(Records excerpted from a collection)
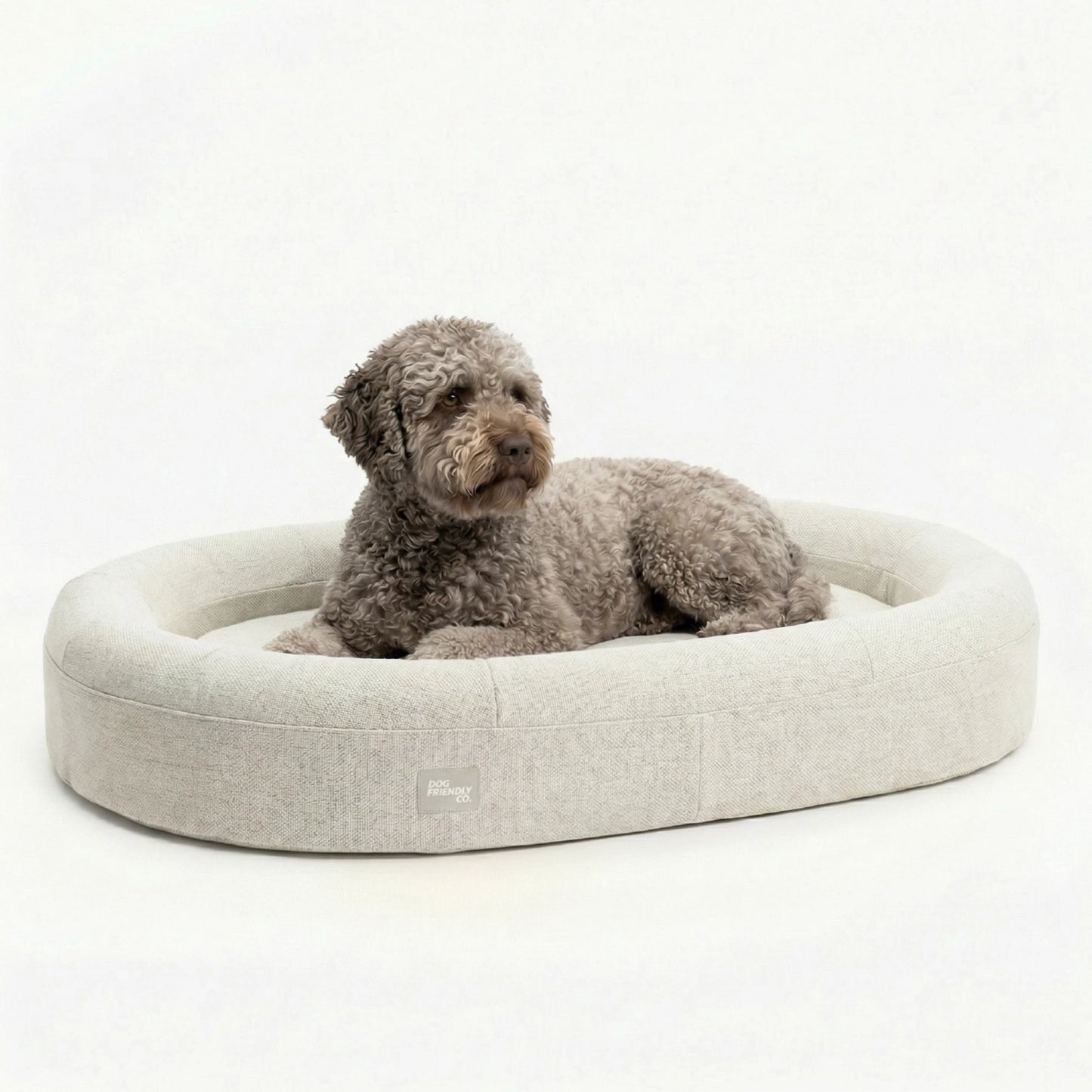 Chill Pill Memory Foam Dog Bed - Beige (Small)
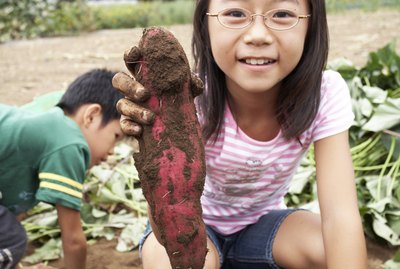 Japanese girl holding sweet potato, smiling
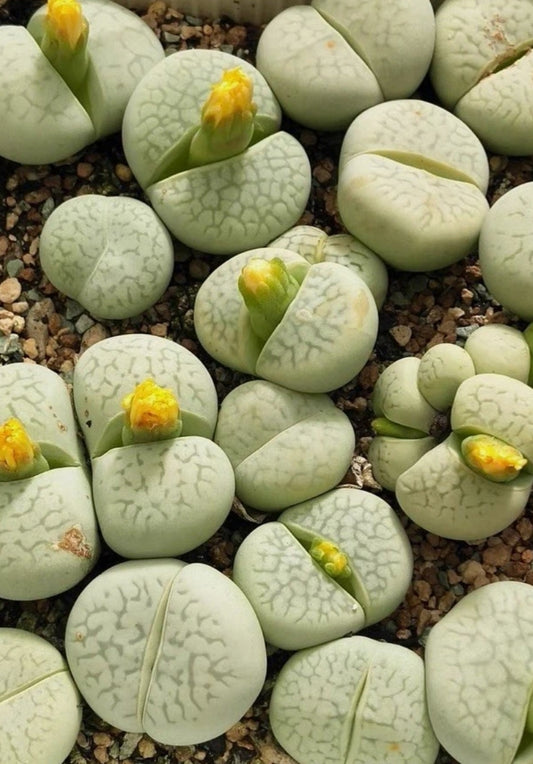 Lithops Dinteranthus vanzylil 'emerald' green seeds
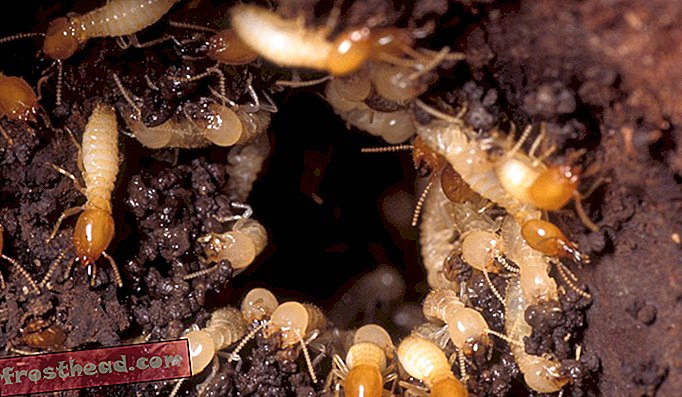 Termiti žure na oštećeno područje gnijezda kako bi popravili rupu.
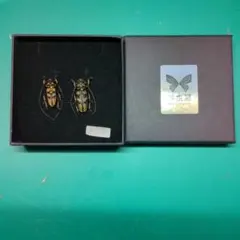 2026年最新】カミキリムシ標本の人気アイテム - メルカリ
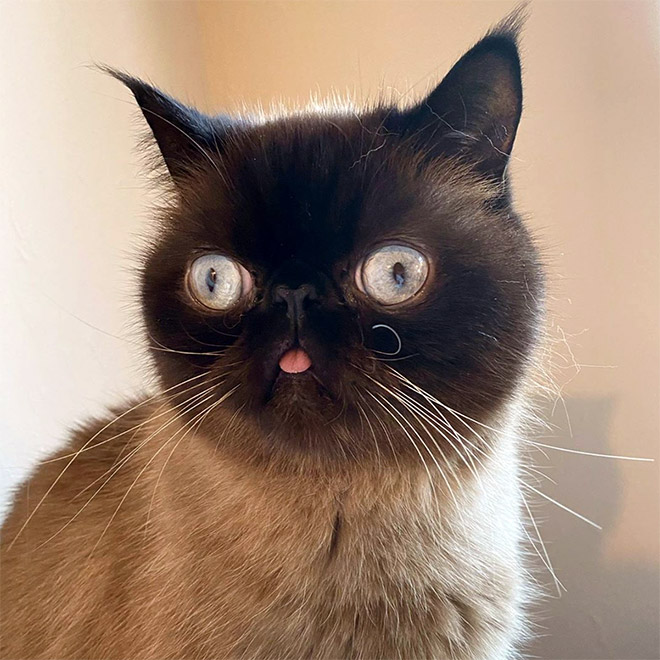 Meet Ikru: The Cat Who Always Forgets To Put His Tongue Away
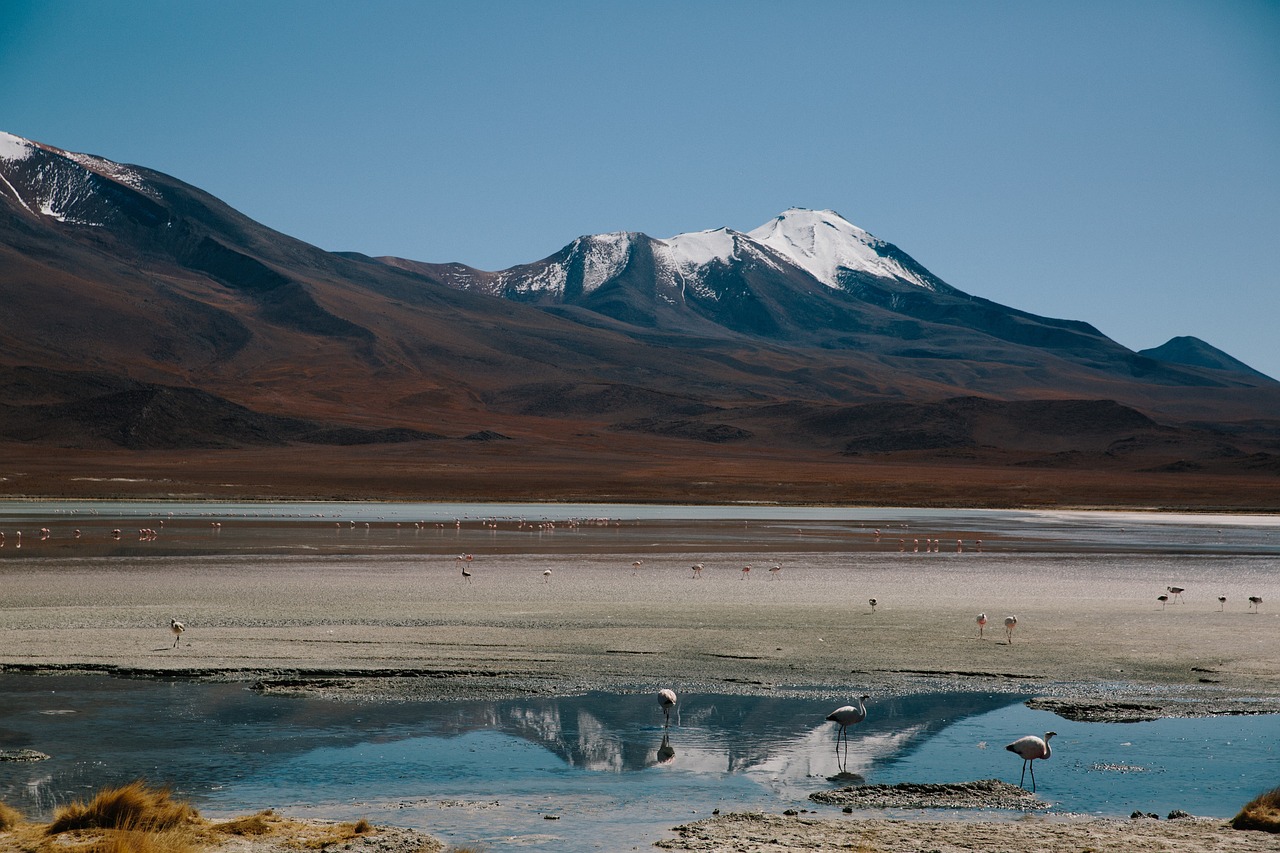 探索中国顶级旅游胜地，揭秘5A级旅游区的魅力与特色,旅游5a景区  第1张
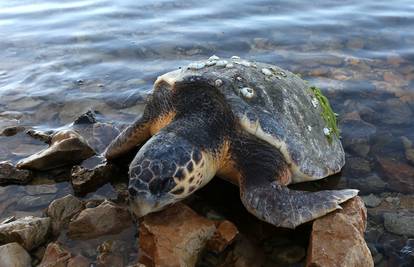 Ružan prizor: More na plažu  izbacilo mrtvu glavatu želvu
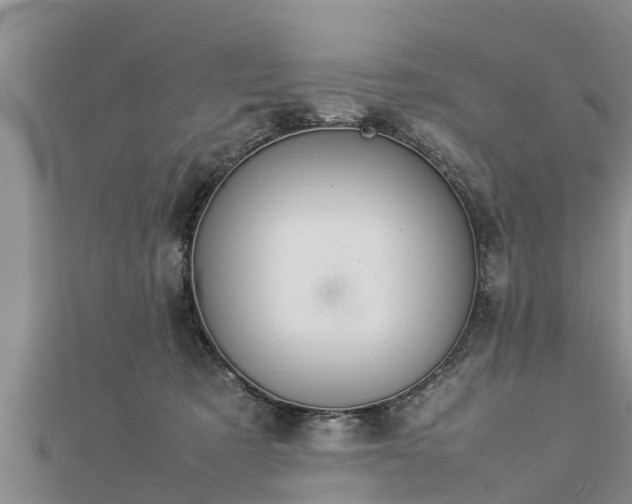 X0000112790321200908281512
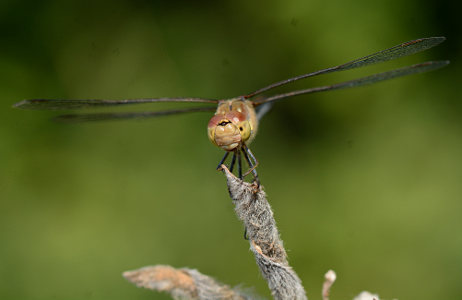 vergr&ouml;&szlig;ern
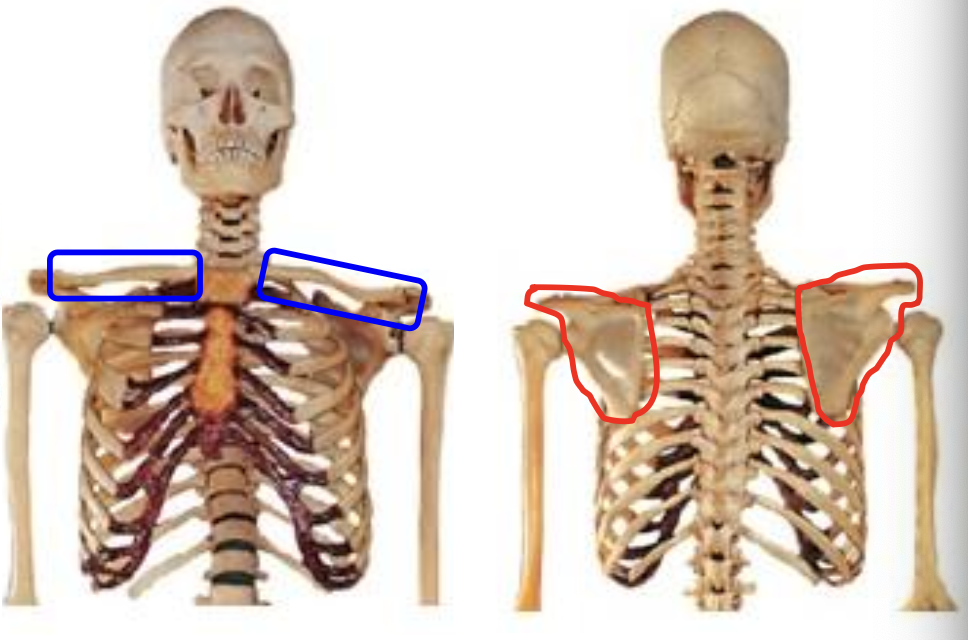 <p>What bones make up the Pectoral Girdle</p>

» **What to do**
For this exercise, reproduce exactly the lines of the records above from the one with "2026年最新】カミキリムシ標本の人気アイテム - メルカリ" up to and including the one with "vergr&ouml;&szlig;ern", without pictures.

» **Task output**
 2026年最新】カミキリムシ標本の人気アイテム - メルカリ
 Meet Ikru: The Cat Who Always Forgets To Put His Tongue Away
 探索中国顶级旅游胜地，揭秘5A级旅游区的魅力与特色,旅游5a景区  第1张
 Ružan prizor: More na plažu  izbacilo mrtvu glavatu želvu
 X0000112790321200908281512
 vergr&ouml;&szlig;ern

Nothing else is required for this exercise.